Rosemary Brown is an American politician. A Republican, she is member of the Pennsylvania State Senate representing the 40th district since 2023. She previously served as a member of the Pennsylvania House of Representatives representing the 189th district from 2011-2022.

Biography 

Brown has resided in the Poconos for 37 years and is a member of St. John's Parish, which is located in East Stroudsburg.  Brown graduated from East Stroudsburg High School and holds a bachelor's degree in Communications from the University of Scranton.

Brown currently resides in Middle Smithfield Township with her husband Joe and their three children.
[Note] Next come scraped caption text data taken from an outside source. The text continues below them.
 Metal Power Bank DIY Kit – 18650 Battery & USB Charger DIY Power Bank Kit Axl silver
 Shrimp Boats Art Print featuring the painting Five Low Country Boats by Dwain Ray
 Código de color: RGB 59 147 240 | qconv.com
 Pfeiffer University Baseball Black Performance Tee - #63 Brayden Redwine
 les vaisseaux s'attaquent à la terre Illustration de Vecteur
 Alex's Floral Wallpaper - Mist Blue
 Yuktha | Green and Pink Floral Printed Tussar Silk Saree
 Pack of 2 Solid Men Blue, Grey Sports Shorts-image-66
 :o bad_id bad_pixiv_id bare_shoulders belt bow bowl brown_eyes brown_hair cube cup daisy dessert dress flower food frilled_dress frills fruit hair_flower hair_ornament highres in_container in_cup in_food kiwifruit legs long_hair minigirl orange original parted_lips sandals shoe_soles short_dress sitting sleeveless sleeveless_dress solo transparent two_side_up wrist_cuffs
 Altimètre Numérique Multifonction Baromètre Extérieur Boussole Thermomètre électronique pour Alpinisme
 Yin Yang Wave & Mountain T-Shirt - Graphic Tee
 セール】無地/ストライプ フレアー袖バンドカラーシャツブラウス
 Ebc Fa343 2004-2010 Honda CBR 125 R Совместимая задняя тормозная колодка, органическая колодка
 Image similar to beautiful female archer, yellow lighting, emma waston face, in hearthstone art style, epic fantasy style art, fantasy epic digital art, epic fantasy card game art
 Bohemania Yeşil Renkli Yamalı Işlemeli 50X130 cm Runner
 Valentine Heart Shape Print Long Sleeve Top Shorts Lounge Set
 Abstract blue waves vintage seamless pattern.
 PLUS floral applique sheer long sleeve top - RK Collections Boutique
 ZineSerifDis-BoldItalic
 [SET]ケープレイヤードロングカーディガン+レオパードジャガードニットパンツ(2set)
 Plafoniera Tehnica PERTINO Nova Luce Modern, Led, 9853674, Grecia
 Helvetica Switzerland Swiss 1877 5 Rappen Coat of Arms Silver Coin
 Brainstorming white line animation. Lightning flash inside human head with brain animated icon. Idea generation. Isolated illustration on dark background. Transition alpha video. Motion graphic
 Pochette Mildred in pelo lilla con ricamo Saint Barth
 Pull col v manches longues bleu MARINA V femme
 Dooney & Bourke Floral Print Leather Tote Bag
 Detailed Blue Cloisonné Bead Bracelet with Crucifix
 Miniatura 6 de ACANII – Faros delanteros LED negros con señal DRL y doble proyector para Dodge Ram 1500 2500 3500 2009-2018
Prior to becoming a legislator, Brown worked as an assistant buyer for Macy's, and as an executive sales manager for Macy’s, Saks Fifth Avenue, and The Bon-Ton stores.  Brown then began working in pharmaceutical sales for Hoffmann-La Roche and Vistakon, which is a branch of Johnson & Johnson.

The 2019-20 legislative session marks her fifth term representing the people of the 189th District in the Pennsylvania House of Representatives. She was first elected to represent the district on Nov. 2, 2010. She was sworn into her first term on January 4, 2011.

During the current session, Rosemary is serving her first term as a deputy whip for the House Republican Caucus. Additionally, she serves as a member of the House Appropriations, Education, Professional Licensure and Transportation committees.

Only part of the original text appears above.